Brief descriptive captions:

════════════════

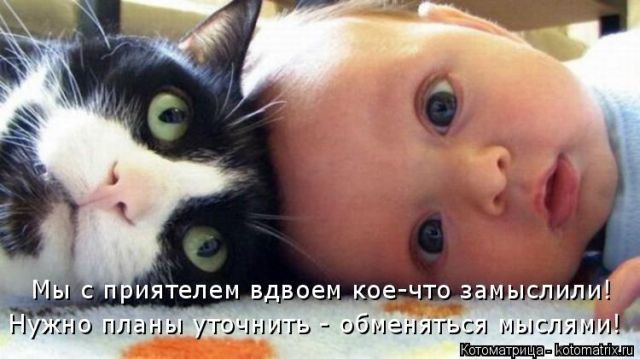 Лучшие котоматрицы недели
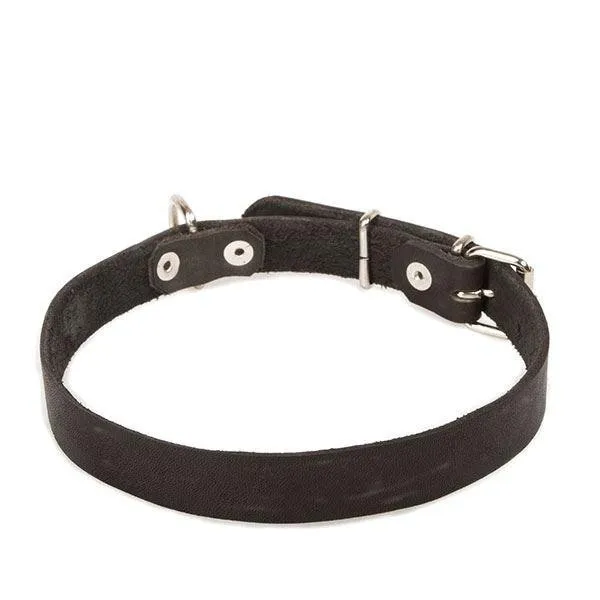 Zgarda Julius K9, piele, cu nituri - 16mmx45cm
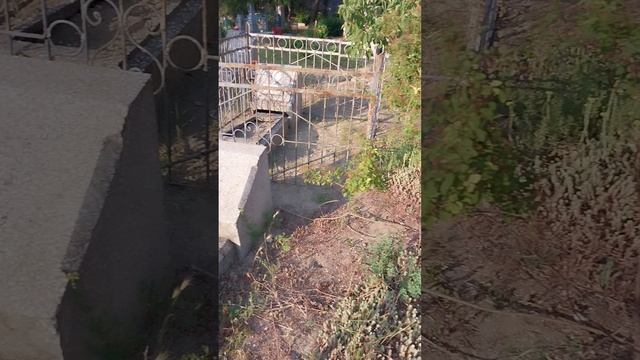 молитва для изгнания демона дьявола скачать, священный сосуд бездомный бог, сонник борьба злая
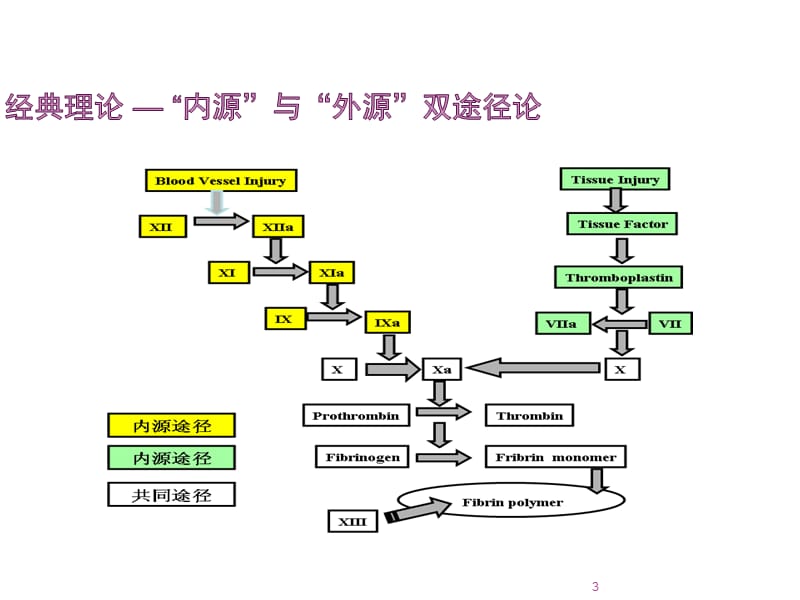 重症病人的凝血紊乱ppt课件_第3页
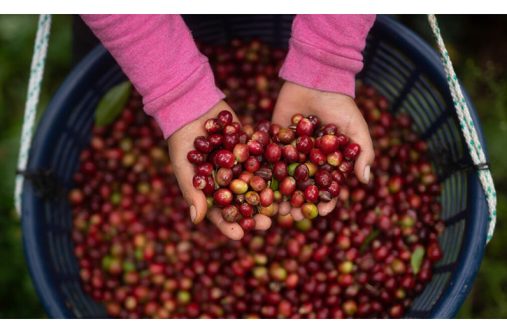 Smallholder farmers account for 80 per cent of global coffee production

════════════════

Output only the lines from the one that contains "молитва для изгнания" to the end of the entries above, both end lines included, and drop the pictures.

 молитва для изгнания демона дьявола скачать, священный сосуд бездомный бог, сонник борьба злая
 重症病人的凝血紊乱ppt课件_第3页
 Smallholder farmers account for 80 per cent of global coffee production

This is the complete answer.